Please also be aware of the current battle to redraw election maps in Ohio. Regardless of what happens, the intent of the redrawn maps is to make Ohio more Blue and less Red. This will change the makeup of the Ohio House and Senate and make them more....Blue.

So I challenge you to ask yourself: Is it worth it? Where will this recent change eventually lead?

I, obviously, don't think so. But, as they said in _Road House,_ Opinions Vary.


----------



## garhtr (Jan 12, 2009)

berkshirepresident said:


> Relaxing the rules on Concealed Carry will lead to more shootings


Already law in 21 other states with few problems. Many people said that exact same thing about permit carry.
If it's a blood bath (highly doubtful) they can vote to change it
Good luck !


----------



## bajuski (Apr 9, 2004)

bajuski said:


> Isn't that in place already? Don't you have to pass a background check before you can buy a firearm?





Shad Rap said:


> Not on the street, where the majority of the bad guys get their piece...if I were to guess, I'd say about 50% of the people (including criminals) in possession of a firearm have had a background check...maybe not even that high...



Ok, I agree with you totally. So what do we do, pass another law that anyone carrying a piece must get another background check? Do you think that the criminals carrying the stolen pieces will abide? How do we enforce something like that


----------



## Dovans (Nov 15, 2011)

Wonder if buying a firearm and showing them a CCW will still get you out having a background check called in


----------



## cincinnati (May 24, 2004)

Perhaps we need background checks for persons buying an SUV?









Waukesha Christmas parade attack - Wikipedia







en.wikipedia.org





Laws apply only to the law abiding.


----------



## PeterG7 (May 29, 2020)

Dovans said:


> Wonder if buying a firearm and showing them a CCW will still get you out having a background check called in


Don’t think anything in new bill will change that part of law.

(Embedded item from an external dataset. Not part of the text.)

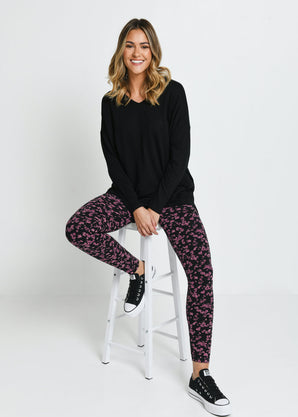 Alltägliche High-Waisted Leggings - Schwarze/Bordeaux-Rote Blumenmuster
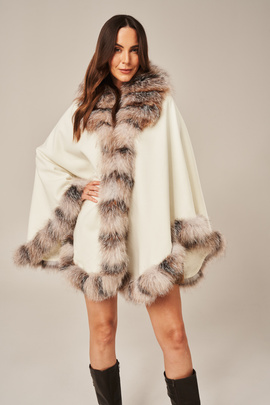 Poncho en laine avec cachemire pour femme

What I wonder is will they purge CCW linked to drivers license database?


Sent from my iPhone using Tapatalk


----------



## Safety1st (Apr 20, 2007)

berkshirepresident said:


> Many of you are simply not seeing the potential big picture down the road, while you pump your chest about 2nd Amendment Rights and complain about a very minor fee and background check:
> 
> Relaxing the rules on...
> 
> ...


Originally some 20 years ago to this date and with any new pro-2A bills to come, people will not get any added training. Additionally, some LEOs and absolutely some media sources will tout, here we go, same ol' same ol' , blood on the streets. Wild wild west. Other lots of smoke in the OK Corral LoL. ''Hasn't happened therefore won't happen'' has more realistically become the norm and not the other way round. And, if there were a mass spike in wild westerns sans cowboy hats & chaps I am sure the news would report it, stats & figures etc. Oh BTW it's quickly approaching one full year. The last best OMG we are all going to die law, the so-called ''Stand Your Ground'' bill and the normal, usual, customary crickets chirp. Nothing burger sorry we can't upsize that Sir please pull to the 2nd window...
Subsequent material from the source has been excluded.